Le ministre de l\'Intérieur Christophe Castaner, le 12 février 2019, à l\'Assemblée nationale à Paris.
Le ministre de l'Intérieur Christophe Castaner, le 12 février 2019, à l'Assemblée nationale à Paris. (JACQUES DEMARTHON / AFP)

Les fermetures administratives de lieux de culte sont l'une des quatre grandes dispositions de la loi sur la sécurité intérieure et la lutte contre le terrorisme. 

Un premier bilan. Sept mosquées ont fait l'objet d'une fermeture administrative en France depuis l'entrée en vigueur de la loi sur la sécurité intérieure et la lutte contre le terrorisme (Silt) en novembre 2017, a indiqué le ministère de l'Intérieur, mardi 12 février.
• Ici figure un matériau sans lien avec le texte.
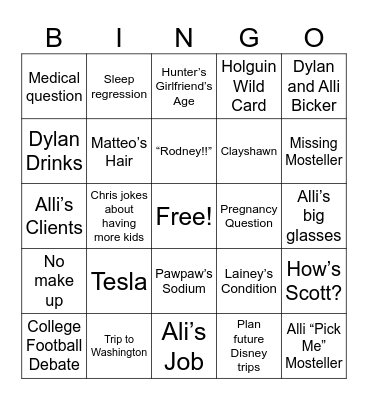 Family Christmas Party Bingo Card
Les fermetures administratives de lieux de culte sont l'une des quatre grandes dispositions de ce texte de loi, vivement dénoncé par les défenseurs des libertés publiques. Ces derniers ont vu une transposition dans le droit commun de mesures d'exception, autorisées dans le cadre de l'état d'urgence.

Un "bilan positif"

Devant la commission des lois de l'Assemblée nationale en charge du contrôle parlementaire de ce texte controversé, le ministre de l'Intérieur Christophe Castaner et son secrétaire d'État Laurent Nuñez ont dressé un "bilan positif" de son application. "Les outils créés ont été utilisés à bon escient et ont eu des effets utiles", a plaidé Christophe  Castaner.

Ainsi, sur les fermetures de mosquées accusées de faire "l'apologie du terrorisme, de la haine ou de la discrimination", Laurent Nuñez s'est félicité de "viser juste" en soulignant que chaque décision des préfets avait été validée par la justice en dépit de recours systématiques devant les tribunaux. "Les notes de renseignement montrent un profond changement dans les quartiers où les mosquées ont été fermées", a encore commenté le secrétaire d'État.